Необязательно соглашаться с ключевой мыслью именно неотрадиционалистской критики – что проекты большевиков, столкнувшись с российскими реалиями, претерпели неожиданные модификации, приведя к восстановлению особенностей традиционного общества, – чтобы понимать, что следует обдумать выводы, к которым ведет применение социоинституциональной матрицы Раеффа к советской модерности. Необходимо разработать теорию модерности, сформировавшейся как результат сочетания и взаимодействия не просто модерных, но откровенно антилиберальных, антибуржуазных, антикапиталистических революционных преобразований и общества, лишенного полноценных представлений о либерализме, капитализме или буржуазии. Как вестернизация России предшествовала аналогичным процессам в большей части не-западного мира, так и эти ранние антибуржуазные настроения можно сравнить со схожими явлениями в ряде неевропейских стран. Более того, как показано в работе Холквиста об эпохе тотальной войны и революции, принудительное навязывание антибуржуазных настроений в основном небуржуазному обществу не означает, что тезис об отсталости можно просто приложить к невежественным массам, крестьянам или кому-либо еще, которые после 1917 года и Гражданской войны большей частью уже не были вне сферы политики67.

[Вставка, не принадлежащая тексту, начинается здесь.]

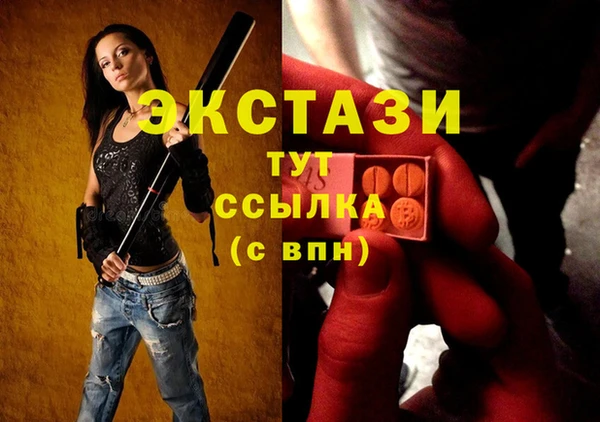 PSILOCYBIN Богданович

Для тех, кто занимался изучением советской и в особенности сталинской модерности, наилучшим пособием оказалась историческая литература о нацистской модерности. Однако не все осознавали, что использование подобного научного инструментария неизбежно ведет к противоречию, с которым раньше столкнулись специалисты по истории Германии и в силу которого модерность оказывается в одном ряду с разрушительными последствиями геноцида в рамках нелиберального или тоталитарного режима. На исследователей российской модерности, начавших изучать эту проблему в 1990-е годы, сильнее всего повлияла работа Зигмунта Баумана о модерности и Холокосте, в которой акцент делался на выстраивании этатистской системы и возделывании государственности68. Однако ряд новых посылок, высказанных в 2000-х годах, сместил Освенцим с парадигматической позиции, отведенной ему в размышлениях Баумана о модерности. Последующая волна изучения совершенно иного «расстрельного Холокоста» на Восточном фронте, а также в отдельных местностях, таких как печально известная польская деревня Едвабне, в которых локальные, сельские проблемы переплетались с идеологическими соображениями, делает проницательный анализ Баумана достоянием прошлого в той же мере, что и работы тех, кто перенес его на советскую почву69.